E non è l’identificazione con lei, Sara, amica sorella figlia, a guidare le mie parole. È la domanda di aiuto non raccolta, che mi agghiaccia. Una domanda evidente, concreta. Consumata tra i minuti che passano dal tentativo di fuga di Sara, e dal fuoco che brucia implacabile. Un’immagine molto efficace dell’incapacità di aiutare le donne a rischio, in situazioni difficili. Anche quando i segnali sono chiarissimi. Prevale l’indifferenza, il farsi i fatti propri. Manca il coraggio.
In effetti ci vuole coraggio, per fermarsi di notte e andare in soccorso di chi ha bisogno di aiuto. Sui social da ieri questa è la domanda prevalente. Io, cosa avrei fatto? È una domanda che non permette abbellimenti, indulgenze. Interroga senza lasciare scampo. È con tutta evidenza facile, troppo facile, dirsi: io mi sarei fermata, fermato. Io sì che l’avrei aiutata. E se non avremo mai una risposta netta, sicura, proprio l’inquietudine che ne viene può essere lo stimolo per affrontare il nodo cruciale. Cosa occorre fare, per aiutare le donne in pericolo?
Le leggi ci sono, per aiutare le donne. Non ci sono i finanziamenti. I posti letto, nelle case in cui le donne possano rifugiarsi, sono troppo pochi.
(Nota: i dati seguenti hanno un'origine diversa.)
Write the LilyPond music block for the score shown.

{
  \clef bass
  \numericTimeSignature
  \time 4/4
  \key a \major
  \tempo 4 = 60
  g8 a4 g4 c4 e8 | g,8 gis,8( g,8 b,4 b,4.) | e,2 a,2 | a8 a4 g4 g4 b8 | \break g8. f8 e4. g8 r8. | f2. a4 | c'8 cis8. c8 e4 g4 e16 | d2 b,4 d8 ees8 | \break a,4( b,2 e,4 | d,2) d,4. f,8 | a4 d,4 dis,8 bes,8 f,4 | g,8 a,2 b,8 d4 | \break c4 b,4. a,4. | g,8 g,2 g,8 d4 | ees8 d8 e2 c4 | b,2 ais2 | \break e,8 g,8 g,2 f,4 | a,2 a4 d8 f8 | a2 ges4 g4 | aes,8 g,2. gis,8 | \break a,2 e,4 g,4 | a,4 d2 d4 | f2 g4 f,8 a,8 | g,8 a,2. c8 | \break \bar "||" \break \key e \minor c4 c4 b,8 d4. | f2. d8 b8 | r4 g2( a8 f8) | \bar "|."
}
E la rete dei centri antiviolenza non ha il sostegno sufficiente. Ma la storia di Sara insegna che il pericolo non è solo nelle coppie che vivono insieme. Occorrono altri strumenti. Insegnare, per esempio, ma soprattutto convincersi, che la gelosia non è un segno sicuro dell’amore. È geloso, quindi mi ama, quindi ci tiene a me, mi dà valore. Un geloso è uno che considera la donna roba sua, non tollera la sua libertà. Le ragazze devono essere educate a capirne il pericolo, i ragazzi a non farne una questione di identità: sta con me quindi deve fare quello che voglio io. E frequentare solo me.
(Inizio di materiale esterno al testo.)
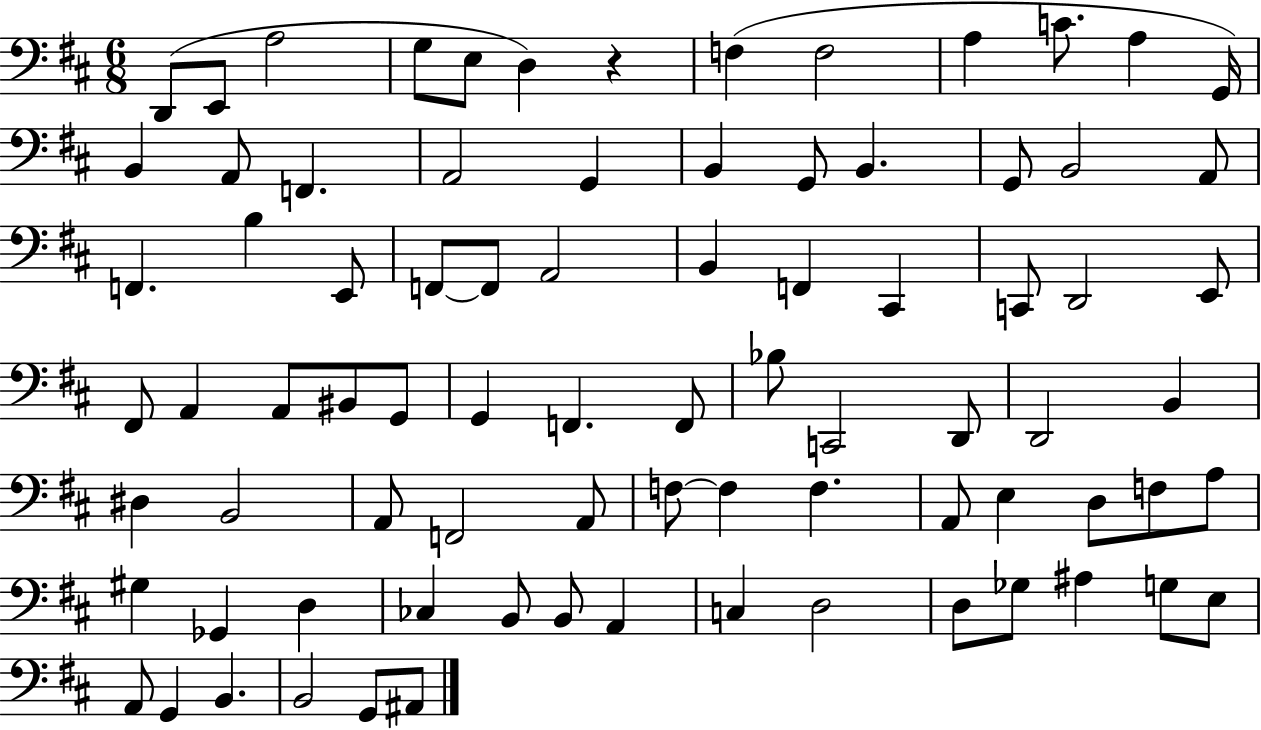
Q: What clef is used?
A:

Sembra assurdo dover scrivere questo, su questo giornale, nel 2016. Eppure non molto è cambiato, nell’educazione sentimentale dei maschi, negli ultimi decenni. E nell’educazione collettiva. Tanto è vero che a scrivere, a commentare, siamo prevalentemente noi, le femmine della specie. Non c’è molto di nuovo nell’insegnare alle bambine a fare attenzione, a non fidarsi dei maschi. Non è quello che si è sempre tramandato? È vero che la parità, il sentirsi uguali può avere reso le ragazze più ingenue o meglio più incredule, non si può pensare che quel ragazzo che in fondo fa la mia stessa vita possa trasformarsi, farmi del male. Ma non è un problema delle donne, la violenza degli uomini.
È che ci vuole coraggio. Molto coraggio a essere uomini, oggi. Rinunciare ai confini certi di un’identità di genere consegnata dalla tradizione. Il possesso delle donne, di una almeno, era garantito da quella formazione sociale che chiamiamo patriarcato a ogni uomo, anche il più miserabile. Un sistema sgretolato, ma ancora forte nel produrre immaginario sociale, magari condito dal rancore venato di vittimismo. Basta leggere i social, dove si discute violentemente l’idea stessa dell’esistenza del femminicidio. Parola sgradevole e necessaria. Ciechi di fronte alla traccia di sangue, che giorno dopo giorno dice degli effetti dell’odio violento per le donne.